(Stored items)
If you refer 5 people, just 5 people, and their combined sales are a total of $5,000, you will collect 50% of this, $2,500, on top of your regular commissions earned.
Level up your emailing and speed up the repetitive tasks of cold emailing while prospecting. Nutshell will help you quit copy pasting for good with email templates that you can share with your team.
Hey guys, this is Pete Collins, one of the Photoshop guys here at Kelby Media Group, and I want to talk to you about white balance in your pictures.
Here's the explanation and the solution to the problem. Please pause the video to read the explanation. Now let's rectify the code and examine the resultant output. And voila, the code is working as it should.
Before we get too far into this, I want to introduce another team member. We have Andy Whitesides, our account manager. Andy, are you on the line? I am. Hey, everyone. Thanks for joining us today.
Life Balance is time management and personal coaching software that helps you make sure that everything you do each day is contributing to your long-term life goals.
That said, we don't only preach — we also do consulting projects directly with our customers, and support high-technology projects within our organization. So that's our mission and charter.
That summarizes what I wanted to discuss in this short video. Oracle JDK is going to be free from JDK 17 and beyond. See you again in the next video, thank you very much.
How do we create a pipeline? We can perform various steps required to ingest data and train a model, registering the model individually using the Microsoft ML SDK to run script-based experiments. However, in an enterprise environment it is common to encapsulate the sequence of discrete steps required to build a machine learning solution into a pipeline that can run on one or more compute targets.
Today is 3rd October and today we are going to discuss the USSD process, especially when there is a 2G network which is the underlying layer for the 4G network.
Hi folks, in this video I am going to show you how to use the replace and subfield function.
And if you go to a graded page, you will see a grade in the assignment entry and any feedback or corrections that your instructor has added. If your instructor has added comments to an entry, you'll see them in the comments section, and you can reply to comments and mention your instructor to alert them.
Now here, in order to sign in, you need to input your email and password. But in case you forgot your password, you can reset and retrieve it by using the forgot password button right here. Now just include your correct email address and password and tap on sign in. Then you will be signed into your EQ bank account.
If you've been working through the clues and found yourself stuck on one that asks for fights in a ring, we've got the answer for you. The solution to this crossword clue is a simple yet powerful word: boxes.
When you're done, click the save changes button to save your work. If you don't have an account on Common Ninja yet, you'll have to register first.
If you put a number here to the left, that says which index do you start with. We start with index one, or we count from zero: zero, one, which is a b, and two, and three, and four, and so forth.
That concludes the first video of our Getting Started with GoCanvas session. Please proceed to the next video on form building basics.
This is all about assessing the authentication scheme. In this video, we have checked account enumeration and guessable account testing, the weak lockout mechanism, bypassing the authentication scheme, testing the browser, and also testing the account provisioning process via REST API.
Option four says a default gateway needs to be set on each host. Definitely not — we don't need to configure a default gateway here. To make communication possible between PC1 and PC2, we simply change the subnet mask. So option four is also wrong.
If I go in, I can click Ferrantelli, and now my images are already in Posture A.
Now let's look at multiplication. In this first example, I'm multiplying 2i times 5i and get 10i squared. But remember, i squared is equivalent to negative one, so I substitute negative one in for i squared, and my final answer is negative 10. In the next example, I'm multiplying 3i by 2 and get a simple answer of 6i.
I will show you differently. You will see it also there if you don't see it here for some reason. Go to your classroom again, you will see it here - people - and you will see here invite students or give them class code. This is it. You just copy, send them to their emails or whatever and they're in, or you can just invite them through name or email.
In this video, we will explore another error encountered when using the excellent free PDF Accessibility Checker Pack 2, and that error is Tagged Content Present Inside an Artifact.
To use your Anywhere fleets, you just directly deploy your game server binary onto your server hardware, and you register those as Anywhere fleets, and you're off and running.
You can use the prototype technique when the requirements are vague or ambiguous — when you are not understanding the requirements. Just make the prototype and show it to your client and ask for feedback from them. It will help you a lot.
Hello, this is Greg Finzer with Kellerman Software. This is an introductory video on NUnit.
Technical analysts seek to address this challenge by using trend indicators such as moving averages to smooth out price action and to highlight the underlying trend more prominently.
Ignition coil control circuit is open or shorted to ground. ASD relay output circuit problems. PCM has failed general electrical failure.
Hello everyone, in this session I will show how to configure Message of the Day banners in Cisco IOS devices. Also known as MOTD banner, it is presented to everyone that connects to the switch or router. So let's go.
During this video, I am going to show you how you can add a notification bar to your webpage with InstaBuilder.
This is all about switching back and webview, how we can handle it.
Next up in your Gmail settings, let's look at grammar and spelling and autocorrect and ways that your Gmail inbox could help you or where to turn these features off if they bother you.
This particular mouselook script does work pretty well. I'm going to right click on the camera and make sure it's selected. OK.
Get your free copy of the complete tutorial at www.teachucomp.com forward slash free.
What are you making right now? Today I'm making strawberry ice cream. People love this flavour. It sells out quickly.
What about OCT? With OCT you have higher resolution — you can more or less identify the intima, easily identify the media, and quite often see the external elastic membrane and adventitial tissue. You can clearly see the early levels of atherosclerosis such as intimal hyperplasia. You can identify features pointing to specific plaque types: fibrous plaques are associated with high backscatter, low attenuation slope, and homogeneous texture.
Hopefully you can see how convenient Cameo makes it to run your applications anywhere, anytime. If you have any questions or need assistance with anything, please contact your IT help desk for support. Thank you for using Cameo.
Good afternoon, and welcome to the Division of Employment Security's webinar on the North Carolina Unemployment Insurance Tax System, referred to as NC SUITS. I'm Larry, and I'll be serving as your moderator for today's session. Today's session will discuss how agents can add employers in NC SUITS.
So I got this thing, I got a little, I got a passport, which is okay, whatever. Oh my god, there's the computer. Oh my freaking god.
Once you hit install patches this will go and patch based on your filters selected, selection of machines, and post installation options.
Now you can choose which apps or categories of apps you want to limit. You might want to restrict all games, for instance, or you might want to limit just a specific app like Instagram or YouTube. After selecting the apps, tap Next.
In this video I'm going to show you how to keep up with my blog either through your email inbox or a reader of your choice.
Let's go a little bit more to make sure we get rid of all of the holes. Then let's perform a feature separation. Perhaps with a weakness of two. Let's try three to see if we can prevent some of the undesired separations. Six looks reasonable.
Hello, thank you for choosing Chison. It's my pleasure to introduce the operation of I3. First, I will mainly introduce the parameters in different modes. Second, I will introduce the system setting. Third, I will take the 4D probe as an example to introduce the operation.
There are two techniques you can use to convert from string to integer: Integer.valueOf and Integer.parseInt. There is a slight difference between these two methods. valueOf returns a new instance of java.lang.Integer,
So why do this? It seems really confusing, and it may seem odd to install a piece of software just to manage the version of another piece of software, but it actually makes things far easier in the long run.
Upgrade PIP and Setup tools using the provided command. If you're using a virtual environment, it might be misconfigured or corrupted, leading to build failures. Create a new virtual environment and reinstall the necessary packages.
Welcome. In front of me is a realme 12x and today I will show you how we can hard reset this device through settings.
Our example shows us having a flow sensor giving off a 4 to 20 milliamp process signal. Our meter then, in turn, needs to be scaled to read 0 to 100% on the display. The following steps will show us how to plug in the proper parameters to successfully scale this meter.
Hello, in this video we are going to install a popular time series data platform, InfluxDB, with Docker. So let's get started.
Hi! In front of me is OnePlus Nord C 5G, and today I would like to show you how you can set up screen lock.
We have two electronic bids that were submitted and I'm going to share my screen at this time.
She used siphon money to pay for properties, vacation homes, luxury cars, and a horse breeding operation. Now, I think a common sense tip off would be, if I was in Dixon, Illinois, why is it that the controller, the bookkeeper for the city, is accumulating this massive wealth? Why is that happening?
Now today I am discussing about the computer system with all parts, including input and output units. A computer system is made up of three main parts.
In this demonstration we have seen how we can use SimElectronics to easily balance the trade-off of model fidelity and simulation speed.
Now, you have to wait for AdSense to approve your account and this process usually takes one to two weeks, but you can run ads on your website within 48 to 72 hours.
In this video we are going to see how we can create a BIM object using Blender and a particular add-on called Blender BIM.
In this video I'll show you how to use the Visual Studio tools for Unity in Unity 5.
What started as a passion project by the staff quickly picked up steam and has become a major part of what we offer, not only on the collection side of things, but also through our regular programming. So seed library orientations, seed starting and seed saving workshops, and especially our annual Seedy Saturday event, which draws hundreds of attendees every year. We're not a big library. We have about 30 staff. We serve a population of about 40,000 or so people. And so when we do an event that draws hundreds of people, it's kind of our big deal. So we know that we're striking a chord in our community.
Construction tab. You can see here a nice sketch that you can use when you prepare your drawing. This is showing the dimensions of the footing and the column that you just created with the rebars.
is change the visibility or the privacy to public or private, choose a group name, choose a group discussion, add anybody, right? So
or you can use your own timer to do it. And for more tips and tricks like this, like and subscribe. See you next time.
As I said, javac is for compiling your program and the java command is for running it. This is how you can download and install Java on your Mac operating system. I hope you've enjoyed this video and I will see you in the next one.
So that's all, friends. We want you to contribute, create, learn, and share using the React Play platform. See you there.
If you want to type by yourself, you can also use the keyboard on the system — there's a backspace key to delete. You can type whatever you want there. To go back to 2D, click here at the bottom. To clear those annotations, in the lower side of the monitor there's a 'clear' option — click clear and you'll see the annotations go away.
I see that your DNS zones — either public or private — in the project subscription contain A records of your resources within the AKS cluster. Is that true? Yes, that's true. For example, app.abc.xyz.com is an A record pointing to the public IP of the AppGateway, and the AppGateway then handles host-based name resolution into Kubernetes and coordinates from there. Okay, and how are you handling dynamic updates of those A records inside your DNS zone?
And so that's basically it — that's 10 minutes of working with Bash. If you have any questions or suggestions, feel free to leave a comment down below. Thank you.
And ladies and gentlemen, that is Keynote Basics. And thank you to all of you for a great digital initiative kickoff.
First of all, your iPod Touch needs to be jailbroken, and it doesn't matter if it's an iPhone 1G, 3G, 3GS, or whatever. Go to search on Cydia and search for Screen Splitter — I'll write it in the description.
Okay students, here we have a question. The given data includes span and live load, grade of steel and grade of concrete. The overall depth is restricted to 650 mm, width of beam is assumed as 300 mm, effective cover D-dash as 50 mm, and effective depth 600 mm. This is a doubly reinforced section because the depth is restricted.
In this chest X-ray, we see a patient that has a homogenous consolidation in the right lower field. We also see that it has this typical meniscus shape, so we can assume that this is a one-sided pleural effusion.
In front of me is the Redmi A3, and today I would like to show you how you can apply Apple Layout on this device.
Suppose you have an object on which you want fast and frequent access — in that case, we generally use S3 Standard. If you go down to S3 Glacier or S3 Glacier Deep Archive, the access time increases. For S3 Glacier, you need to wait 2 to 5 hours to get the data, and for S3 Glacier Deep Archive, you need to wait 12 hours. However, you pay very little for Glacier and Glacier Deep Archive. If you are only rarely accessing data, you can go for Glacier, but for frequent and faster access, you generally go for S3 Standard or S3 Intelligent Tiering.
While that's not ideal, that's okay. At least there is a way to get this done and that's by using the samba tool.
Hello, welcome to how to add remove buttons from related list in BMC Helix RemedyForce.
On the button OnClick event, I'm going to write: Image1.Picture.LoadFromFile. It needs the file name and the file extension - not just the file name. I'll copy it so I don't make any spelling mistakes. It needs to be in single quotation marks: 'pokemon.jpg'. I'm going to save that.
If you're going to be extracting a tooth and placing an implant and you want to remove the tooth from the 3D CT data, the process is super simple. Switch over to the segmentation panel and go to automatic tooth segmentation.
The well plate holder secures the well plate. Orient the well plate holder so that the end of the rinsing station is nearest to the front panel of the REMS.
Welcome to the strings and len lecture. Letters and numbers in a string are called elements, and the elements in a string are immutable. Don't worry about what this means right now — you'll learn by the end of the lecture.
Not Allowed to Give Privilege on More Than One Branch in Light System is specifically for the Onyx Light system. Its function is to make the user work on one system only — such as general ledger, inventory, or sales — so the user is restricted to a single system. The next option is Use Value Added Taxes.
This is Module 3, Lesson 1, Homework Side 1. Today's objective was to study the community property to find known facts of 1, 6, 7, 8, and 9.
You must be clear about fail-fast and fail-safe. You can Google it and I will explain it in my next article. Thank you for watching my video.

**Description of the task**
Please copy the lines above from the line with "We have two" up to and including the line with "Now today I", exactly as written and with nothing else.

**Solution for this problem**
We have two electronic bids that were submitted and I'm going to share my screen at this time.
She used siphon money to pay for properties, vacation homes, luxury cars, and a horse breeding operation. Now, I think a common sense tip off would be, if I was in Dixon, Illinois, why is it that the controller, the bookkeeper for the city, is accumulating this massive wealth? Why is that happening?
Now today I am discussing about the computer system with all parts, including input and output units. A computer system is made up of three main parts.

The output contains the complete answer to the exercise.